Plusieurs fois je crus ma fin du monde survenue en sentant le sol se dérober sous mes pieds. Mais, à chaque fois, il renaquit. À l’exact identique ou à peine transformé, selon l’humeur, puisque la question de la fin se love dans celle de notre conscience. Conscience de notre identité, de l’univers qui nous cerne, du temps, de la finitude, de la faux qui nous suit comme notre ombre. Tandis que le «carpe diem» d’Horace se prélasse sur un bras de la balançoire, sur l’autre, le «memento mori» nous appelle à ne pas oublier de mourir.
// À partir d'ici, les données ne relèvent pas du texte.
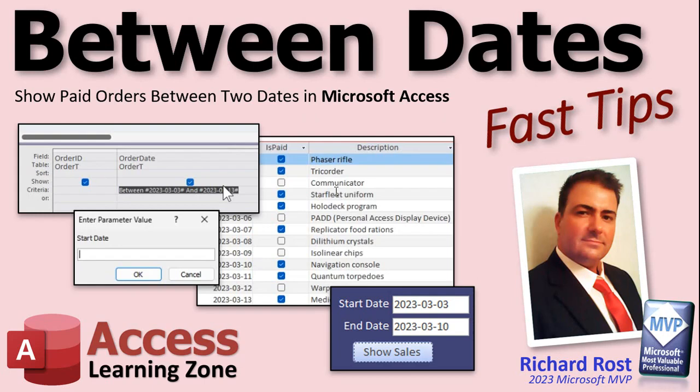Welcome to another Fast Tips video brought to you by AccessLearningZone.com. I am your instructor Richard Rost. In today's video I'm going to show you how to show paid orders between two dates in Microsoft Access.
Non pas à nous préparer à mourir, comme des générations de philosophes nous l’ont seriné dans un souci de défense de leur boutique, mais à ne pas oublier de le faire. Que se passerait-il alors si, tête-en-l’air comme je suis, j’oubliais ce rendez-vous ?
Je reconnais mal parvenir à me voir «renaître d’entre les morts». Vous imaginez le boulot pour réunir mes morceaux épars, goulûment avalés par une horde de vers anonymes dont les arbres auront transformé les fèces en sève nourricière avant qu’eux-mêmes réchauffent quelque cheminée pour s’envoler en fumée? Et si ce sont des poireaux plus que des arbres, je nourrirai des corps qui en profiteront – les traîtres – pour me faire un enfant dans le dos que je retrouverai collé à moi par le scrotum au moment de l’appel.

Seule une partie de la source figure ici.